=== Activity ===
Exactly how many lines in the data below contain the string "Used"? Give that number and nothing else.

[Web page caption snippets]
- - - - - - -

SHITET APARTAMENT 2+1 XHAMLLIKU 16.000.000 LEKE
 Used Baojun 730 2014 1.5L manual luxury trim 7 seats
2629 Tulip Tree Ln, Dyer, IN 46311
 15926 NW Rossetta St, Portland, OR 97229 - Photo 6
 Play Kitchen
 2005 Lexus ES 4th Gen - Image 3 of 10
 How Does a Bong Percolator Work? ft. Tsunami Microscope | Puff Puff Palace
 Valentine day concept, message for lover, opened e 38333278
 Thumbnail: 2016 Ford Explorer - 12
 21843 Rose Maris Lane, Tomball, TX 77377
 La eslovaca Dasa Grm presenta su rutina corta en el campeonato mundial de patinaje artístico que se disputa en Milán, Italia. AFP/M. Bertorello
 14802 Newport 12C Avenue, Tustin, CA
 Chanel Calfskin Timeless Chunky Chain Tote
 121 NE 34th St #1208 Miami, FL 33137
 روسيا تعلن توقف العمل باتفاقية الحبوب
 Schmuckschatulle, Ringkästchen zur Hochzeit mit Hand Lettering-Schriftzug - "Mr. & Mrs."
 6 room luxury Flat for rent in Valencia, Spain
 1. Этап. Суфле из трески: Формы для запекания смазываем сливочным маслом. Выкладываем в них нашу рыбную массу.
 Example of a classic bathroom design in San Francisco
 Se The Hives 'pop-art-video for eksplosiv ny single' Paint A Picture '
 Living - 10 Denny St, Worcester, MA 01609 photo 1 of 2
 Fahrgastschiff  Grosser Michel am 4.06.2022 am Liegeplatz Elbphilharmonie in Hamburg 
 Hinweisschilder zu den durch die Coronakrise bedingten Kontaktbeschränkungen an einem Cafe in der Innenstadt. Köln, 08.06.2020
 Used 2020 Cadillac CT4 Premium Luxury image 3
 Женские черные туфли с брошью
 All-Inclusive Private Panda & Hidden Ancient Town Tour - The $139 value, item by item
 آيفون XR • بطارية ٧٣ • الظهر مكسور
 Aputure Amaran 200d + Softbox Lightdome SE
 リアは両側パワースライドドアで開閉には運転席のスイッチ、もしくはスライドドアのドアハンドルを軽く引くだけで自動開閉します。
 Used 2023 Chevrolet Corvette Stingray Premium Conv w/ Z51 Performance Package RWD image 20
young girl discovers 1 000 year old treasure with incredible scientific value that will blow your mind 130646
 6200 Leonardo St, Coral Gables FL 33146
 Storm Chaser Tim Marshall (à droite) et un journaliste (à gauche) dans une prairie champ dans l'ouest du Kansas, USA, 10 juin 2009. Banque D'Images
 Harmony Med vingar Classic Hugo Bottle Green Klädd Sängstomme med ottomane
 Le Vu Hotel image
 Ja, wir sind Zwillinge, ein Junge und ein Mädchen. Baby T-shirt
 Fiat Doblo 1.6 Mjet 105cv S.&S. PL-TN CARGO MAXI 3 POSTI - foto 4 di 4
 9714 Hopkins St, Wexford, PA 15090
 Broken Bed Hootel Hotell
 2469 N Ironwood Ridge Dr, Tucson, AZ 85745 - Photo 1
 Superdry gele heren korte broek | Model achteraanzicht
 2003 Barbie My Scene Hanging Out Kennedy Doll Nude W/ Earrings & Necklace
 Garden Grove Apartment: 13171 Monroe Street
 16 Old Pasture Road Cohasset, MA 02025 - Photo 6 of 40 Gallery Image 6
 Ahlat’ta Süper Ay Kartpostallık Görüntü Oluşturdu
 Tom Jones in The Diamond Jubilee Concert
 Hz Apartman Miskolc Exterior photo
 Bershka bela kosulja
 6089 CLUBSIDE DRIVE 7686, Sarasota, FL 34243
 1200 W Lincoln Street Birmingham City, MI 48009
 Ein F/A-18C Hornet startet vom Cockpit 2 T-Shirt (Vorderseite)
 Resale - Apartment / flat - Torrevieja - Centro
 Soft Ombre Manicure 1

- - - - - - -

=== Finished exercise ===
3